Jammu gunfight ends, 11 killed


(MENAFN- The Peninsula) Eleven people were killed in heavy firing between the security forces and infiltrators in Jammu and Kashmir which restarted last morning. The gunfight has now ended, ahead of prime minister's visit to the state, officials said.

A group of heavily armed militants sneaked into the Indian side of the border from Pakistan on Thursday.

The gunbattle started at Arnia in Jammu district and resumed yesterday morning after a lull.

"Searches in the area had to be stopped after heavy firing exchanges started again at the site in the morning," a senior army officer said.

A total of 10 people were dead on Thursday, but after searches in the area, another body was recovered yesterday and the toll mounted to 11.

Officials said four civilians, three soldiers and four militants were killed in the fierce gunfight.

"Another dead body has been recovered during yesterday's searches," the officer said.

"The toll has risen to 11... So far, four civilians, three soldiers and four militants have been killed," the officer added.

The civilians were killed in the crossfire during the attack which started early in the morning, local deputy inspector general of police Shakeel Beig said.

The rebels, suspected to have crossed from Pakistan, entered an "abandoned bunker" which Indian forces then surrounded, triggering the gun battle.

Beig had earlier said "four to six militants" were firing from inside the bunker.

Sources said the lone surviving militant was presumed to be firing from an abandoned army bunker in Pind Khote village of the R S Pura area. Police said they destroyed the abandoned bunker.

The firing has stopped and searches are underway, the officer said.

The attack came as Modi and his Pakistani counterpart Nawaz Sharif shook hands but failed to hold a formal meeting at the just-ended summit in Kathmandu, in signs of growing mutual distrust.

Nuclear-armed India and Pakistan have fought two of their three wars since independence from Britain over Kashmir. The picturesque region is held in part by Pakistan and India, but claimed in full by both.

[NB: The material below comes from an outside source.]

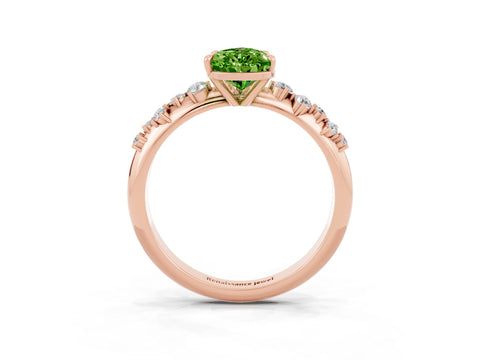 Rose gold Pear Cut Peridot Cluster Side Stone Solitaire Ring with Prong Setting_27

Analysts say India has taken a more assertive stance against its neighbour since Modi's Hindu nationalist party stormed to power in May.

The attack comes a day before Modi is expected to address a campaign rally in the nearby town of Udhampur for ongoing elections in the Himalayan region.

Modi's Bharatiya Janata Party (BJP) is striving to win power in the Muslim-majority region for the first time.

Earlier, the region's chief minister, Omar Abdullah, expressed his condolences over the first soldier's death, while pointing to the timing of the attack.

"The timing of the attack in Arnia can't be a coincidence. My condolences to the family of the army officer killed in Arnia," Abdullah said on Twitter.

In October the area was the site of some of the heaviest exchanges of mortar firing between Indian and Pakistani forces in years, when 20 civilians were killed and dozens injured on both sides.

Since 1989 fighting between about a dozen rebel groups, seeking independence or a merger of the territory with Pakistan, and Indian forces has left tens of thousands dead, most of them civilians.